= Dataset entries =

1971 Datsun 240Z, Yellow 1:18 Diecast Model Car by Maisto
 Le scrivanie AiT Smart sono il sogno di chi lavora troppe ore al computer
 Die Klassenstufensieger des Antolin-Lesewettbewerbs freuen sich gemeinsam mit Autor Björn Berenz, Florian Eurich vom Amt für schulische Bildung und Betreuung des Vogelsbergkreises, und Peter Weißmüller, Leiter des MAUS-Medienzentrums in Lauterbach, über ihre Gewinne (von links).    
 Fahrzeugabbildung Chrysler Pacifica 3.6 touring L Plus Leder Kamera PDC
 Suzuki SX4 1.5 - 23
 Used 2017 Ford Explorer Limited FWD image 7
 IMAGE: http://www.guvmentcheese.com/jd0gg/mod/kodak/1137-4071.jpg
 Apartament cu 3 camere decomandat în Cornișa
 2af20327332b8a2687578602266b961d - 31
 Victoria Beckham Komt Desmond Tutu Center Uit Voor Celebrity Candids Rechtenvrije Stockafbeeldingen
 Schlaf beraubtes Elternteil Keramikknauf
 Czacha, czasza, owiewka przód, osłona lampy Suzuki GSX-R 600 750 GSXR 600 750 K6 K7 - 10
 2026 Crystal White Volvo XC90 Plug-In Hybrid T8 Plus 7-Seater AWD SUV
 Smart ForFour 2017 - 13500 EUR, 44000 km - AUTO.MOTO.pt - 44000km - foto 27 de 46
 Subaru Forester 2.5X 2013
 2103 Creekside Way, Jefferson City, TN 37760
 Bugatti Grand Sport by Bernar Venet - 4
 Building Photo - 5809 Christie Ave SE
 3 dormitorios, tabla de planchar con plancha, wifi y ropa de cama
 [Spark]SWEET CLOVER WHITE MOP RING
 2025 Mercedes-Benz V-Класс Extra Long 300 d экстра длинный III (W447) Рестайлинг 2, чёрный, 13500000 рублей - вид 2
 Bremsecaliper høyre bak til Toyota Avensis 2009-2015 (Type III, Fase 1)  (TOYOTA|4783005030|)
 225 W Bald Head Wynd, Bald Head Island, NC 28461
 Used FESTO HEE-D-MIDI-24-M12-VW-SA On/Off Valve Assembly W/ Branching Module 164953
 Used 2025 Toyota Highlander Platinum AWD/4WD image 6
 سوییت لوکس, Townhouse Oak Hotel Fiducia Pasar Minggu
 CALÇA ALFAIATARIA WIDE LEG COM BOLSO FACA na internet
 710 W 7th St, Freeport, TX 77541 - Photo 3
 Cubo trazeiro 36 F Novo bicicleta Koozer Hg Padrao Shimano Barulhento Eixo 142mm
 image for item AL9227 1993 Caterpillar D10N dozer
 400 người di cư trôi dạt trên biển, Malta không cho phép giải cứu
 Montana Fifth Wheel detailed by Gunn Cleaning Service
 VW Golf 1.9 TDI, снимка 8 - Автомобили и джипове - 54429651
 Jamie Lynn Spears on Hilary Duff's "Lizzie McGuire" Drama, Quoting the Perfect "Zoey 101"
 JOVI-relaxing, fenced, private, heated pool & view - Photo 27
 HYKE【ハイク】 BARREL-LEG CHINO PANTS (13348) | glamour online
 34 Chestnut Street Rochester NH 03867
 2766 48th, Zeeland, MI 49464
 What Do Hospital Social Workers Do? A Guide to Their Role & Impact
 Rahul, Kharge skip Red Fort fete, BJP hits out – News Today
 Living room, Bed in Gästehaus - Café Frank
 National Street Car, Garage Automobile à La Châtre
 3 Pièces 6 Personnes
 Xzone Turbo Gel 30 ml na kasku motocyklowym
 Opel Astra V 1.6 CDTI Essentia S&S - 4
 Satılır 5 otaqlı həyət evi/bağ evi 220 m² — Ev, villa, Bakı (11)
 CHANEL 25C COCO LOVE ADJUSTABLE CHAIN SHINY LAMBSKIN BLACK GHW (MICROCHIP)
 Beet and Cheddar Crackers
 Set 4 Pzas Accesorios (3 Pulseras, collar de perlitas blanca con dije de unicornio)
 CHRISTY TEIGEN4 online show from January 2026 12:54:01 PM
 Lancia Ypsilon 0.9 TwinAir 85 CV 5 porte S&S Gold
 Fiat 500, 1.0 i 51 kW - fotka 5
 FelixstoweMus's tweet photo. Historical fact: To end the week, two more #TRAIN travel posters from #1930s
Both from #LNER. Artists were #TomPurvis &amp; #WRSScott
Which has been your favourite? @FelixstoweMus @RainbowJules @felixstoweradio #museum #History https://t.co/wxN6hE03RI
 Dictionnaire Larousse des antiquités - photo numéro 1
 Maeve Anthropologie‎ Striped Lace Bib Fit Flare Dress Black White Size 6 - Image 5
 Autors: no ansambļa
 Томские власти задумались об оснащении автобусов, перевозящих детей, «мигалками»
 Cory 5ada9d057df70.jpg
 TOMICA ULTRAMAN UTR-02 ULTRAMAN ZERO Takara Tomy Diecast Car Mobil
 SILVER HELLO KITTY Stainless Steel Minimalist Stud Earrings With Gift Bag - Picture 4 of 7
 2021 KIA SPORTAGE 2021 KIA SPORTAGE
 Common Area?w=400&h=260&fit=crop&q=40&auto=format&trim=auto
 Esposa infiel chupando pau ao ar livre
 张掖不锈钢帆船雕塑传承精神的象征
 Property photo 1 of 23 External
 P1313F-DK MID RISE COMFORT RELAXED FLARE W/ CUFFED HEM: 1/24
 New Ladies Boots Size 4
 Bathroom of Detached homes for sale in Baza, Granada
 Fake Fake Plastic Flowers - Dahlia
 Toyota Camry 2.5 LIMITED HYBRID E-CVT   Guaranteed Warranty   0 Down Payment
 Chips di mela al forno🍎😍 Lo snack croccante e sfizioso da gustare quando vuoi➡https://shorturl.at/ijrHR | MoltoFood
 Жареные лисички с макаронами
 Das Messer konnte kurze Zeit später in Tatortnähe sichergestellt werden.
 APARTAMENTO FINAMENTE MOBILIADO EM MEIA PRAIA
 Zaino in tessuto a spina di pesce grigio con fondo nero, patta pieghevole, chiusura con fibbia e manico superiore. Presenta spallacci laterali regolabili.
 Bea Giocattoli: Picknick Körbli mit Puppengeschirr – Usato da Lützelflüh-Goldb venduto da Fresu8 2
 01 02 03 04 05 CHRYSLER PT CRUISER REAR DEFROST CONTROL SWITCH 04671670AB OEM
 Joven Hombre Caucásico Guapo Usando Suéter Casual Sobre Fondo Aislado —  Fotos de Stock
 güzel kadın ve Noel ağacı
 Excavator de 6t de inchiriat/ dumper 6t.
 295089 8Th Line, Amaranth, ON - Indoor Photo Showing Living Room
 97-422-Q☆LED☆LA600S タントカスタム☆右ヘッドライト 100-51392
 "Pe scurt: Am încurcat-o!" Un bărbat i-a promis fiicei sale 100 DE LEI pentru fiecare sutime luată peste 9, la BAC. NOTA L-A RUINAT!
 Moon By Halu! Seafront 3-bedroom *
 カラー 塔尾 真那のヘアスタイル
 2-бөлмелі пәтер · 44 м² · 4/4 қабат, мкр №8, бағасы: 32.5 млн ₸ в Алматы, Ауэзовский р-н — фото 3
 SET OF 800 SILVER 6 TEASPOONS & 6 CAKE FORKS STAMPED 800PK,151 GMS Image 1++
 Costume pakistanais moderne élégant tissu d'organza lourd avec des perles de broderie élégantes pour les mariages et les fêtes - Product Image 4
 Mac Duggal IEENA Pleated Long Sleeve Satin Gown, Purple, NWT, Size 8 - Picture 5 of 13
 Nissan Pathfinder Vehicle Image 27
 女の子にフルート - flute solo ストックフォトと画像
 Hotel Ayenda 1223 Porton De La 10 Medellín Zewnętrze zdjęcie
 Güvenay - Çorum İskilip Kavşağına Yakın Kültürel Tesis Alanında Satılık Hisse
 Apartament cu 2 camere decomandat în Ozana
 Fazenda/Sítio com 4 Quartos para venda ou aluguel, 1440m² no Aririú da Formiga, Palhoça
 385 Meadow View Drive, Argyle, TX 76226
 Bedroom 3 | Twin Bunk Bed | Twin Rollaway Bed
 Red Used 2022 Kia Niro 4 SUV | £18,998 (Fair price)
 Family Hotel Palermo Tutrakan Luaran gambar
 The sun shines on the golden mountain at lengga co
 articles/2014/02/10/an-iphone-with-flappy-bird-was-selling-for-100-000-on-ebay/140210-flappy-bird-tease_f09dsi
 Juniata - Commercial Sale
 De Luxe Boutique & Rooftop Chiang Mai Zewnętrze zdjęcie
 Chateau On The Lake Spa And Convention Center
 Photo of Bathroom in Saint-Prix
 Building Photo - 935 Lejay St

= PROBLEM STATEMENT =
As the answer, set down only the lines from the data above between the one holding "34 Chestnut Street Rochester NH 03867" and the one holding "Dictionnaire Larousse des", inclusive, exactly as they read.

= SOLUTION BELOW =
 34 Chestnut Street Rochester NH 03867
 2766 48th, Zeeland, MI 49464
 What Do Hospital Social Workers Do? A Guide to Their Role & Impact
 Rahul, Kharge skip Red Fort fete, BJP hits out – News Today
 Living room, Bed in Gästehaus - Café Frank
 National Street Car, Garage Automobile à La Châtre
 3 Pièces 6 Personnes
 Xzone Turbo Gel 30 ml na kasku motocyklowym
 Opel Astra V 1.6 CDTI Essentia S&S - 4
 Satılır 5 otaqlı həyət evi/bağ evi 220 m² — Ev, villa, Bakı (11)
 CHANEL 25C COCO LOVE ADJUSTABLE CHAIN SHINY LAMBSKIN BLACK GHW (MICROCHIP)
 Beet and Cheddar Crackers
 Set 4 Pzas Accesorios (3 Pulseras, collar de perlitas blanca con dije de unicornio)
 CHRISTY TEIGEN4 online show from January 2026 12:54:01 PM
 Lancia Ypsilon 0.9 TwinAir 85 CV 5 porte S&S Gold
 Fiat 500, 1.0 i 51 kW - fotka 5
 FelixstoweMus's tweet photo. Historical fact: To end the week, two more #TRAIN travel posters from #1930s
Both from #LNER. Artists were #TomPurvis &amp; #WRSScott
Which has been your favourite? @FelixstoweMus @RainbowJules @felixstoweradio #museum #History https://t.co/wxN6hE03RI
 Dictionnaire Larousse des antiquités - photo numéro 1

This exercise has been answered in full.